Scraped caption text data
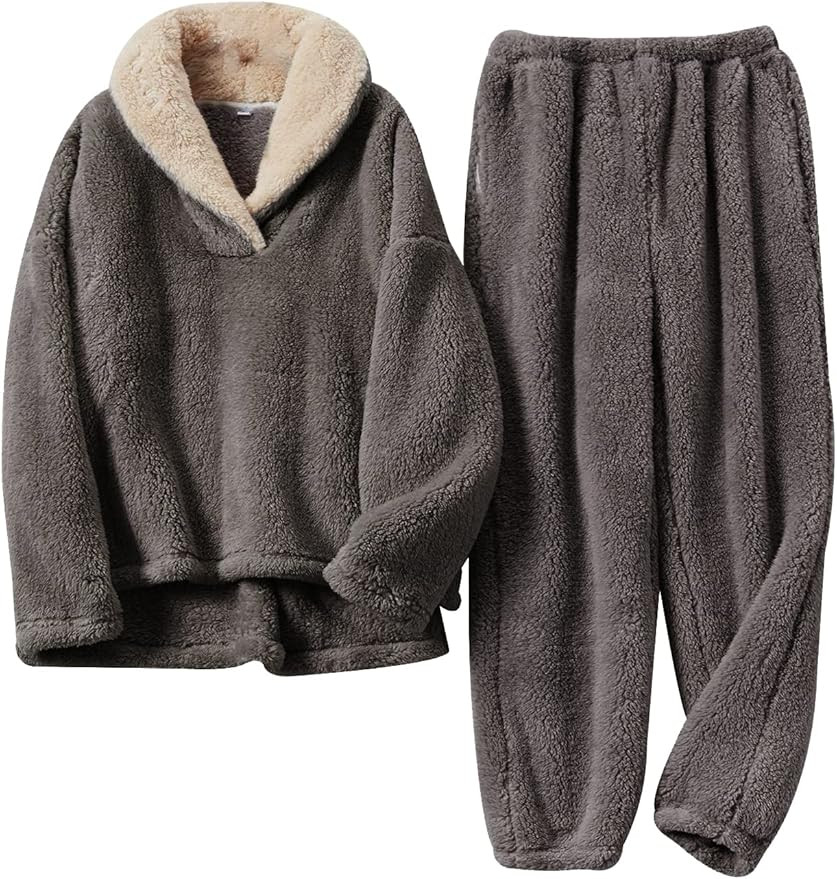 Arssm Women Fluffy Pajamas Set Fleece Pajamas Winter Warm Loose Plush Fuzzy Sets 2 Piece Cozy Sle... | Amazon (US)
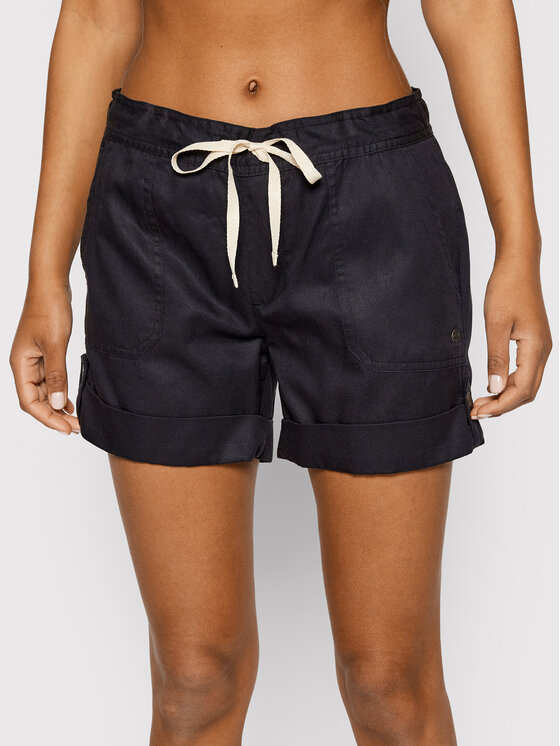 Roxy Σορτς υφασμάτινο Life Is Sweeter ERJNS03389 Μαύρο Regular Fit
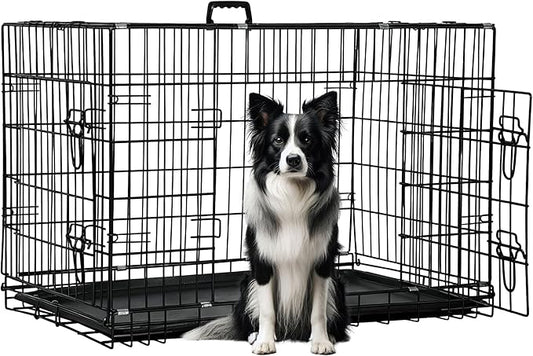 FDW Dog Crate 42-Inch Dog Cage Foldable Metal Kennel with Leakproof Tray Foldable Design Indoor Outdoor Use for Large Dogs,Dark Black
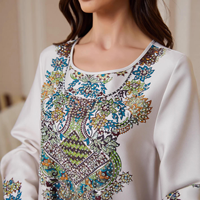 Abaya élégante en polyester imprimé pour femme, robe islamique blanche à manches longues, infroissable, respirante, motif floral, style Dubaï, modeste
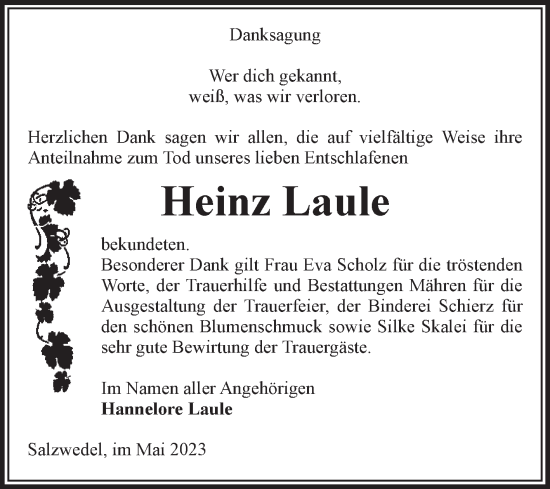 Traueranzeige von Heinz Laule von Volksstimme Altmark West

> [What needs to be done]: Above are the records; repeat their lines from the first through the line containing "FDW Dog Crate", and leave out each picture.

> [Response area]:
 Arssm Women Fluffy Pajamas Set Fleece Pajamas Winter Warm Loose Plush Fuzzy Sets 2 Piece Cozy Sle... | Amazon (US)
 Roxy Σορτς υφασμάτινο Life Is Sweeter ERJNS03389 Μαύρο Regular Fit
 FDW Dog Crate 42-Inch Dog Cage Foldable Metal Kennel with Leakproof Tray Foldable Design Indoor Outdoor Use for Large Dogs,Dark Black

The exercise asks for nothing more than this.